4. Les nouveaux éléments de preuve

[22]            Dans l'affaire Cercast Inc. c. Shellcast Foundries Inc. (No. 2) (1972), 8 C.P.R. (2d) 280 (1re inst.), monsieur le juge Walsh a dit, à la page 282 :

[TRADUCTION] Je n'irais pas jusqu'à dire que, lorsqu'une demande d'injonction interlocutoire a été rejetée et que cette décision n'a pas étéporté e en appel, aucune autre demande d'injonction interlocutoire ne peut être présentée et que le statu quo doit être maintenu jusqu'à l'instruction sur le fond, mais il serait juste d'affirmer que toute nouvelle demande d'injonction interlocutoire devrait reposer sur l'accès à une nouvelle preuve, non seulement que les demandeurs ne pouvaient pas obtenir au moment de l'audition de la demande initiale d'injonction interlocutoire, mais encore qui aurait eu une incidence sur la décision de refuser l'injonction si la Cour en avait pris connaissance au moment oùelle a rendu sa décision.
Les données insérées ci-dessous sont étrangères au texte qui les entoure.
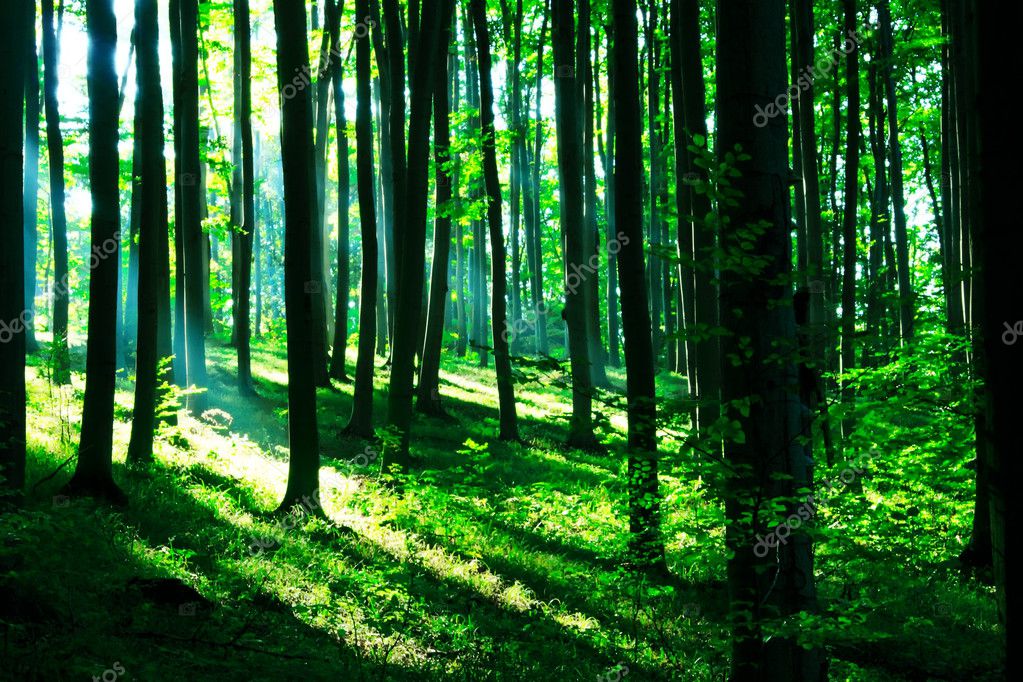 Sunshine in the green forest — Stock Photo © kavita #4673182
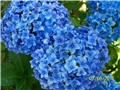 Hortenzija plava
(Non souligné dans l'original.)

Cet extrait décrit en fait le fardeau qui incombe aux demandeurs en l'espèce.


[23]            Dans Canadian Tire Corp. c. Pit Row Services Ltd. (1987), 13 F.T.R. 145 (1re inst.), le juge en chef adjoint Jerome a dit, à la page 145 :

[2] Le recours demandé tend essentiellement à me faire rouvrir ou réexaminer la requête de la demanderesse visant à obtenir une injonction interlocutoire. Il est évident qu'il s'agit là du genre de décision le plus extraordinaire dans n'importe quelle question décidée par la cour. Ce recours exige évidemment de la documentation à l'appui qui doit également être de nature extraordinaire. Il est assez probable qu'une telle requête puisse réussir grâce à une preuve de fait qui indique que le fondement factuel de la décision originale était essentiellement erroné, et qu'il ne s'agissait pas seulement d'une question de nuance ou de degré. Il faudrait que ce soit essentiellement différent. Il faudrait démontrer que les faits réels sont si fondamentalement différents des faits sur le fondement desquels la décision originale a été rendue que ce serait, à mon avis, extraordinaire.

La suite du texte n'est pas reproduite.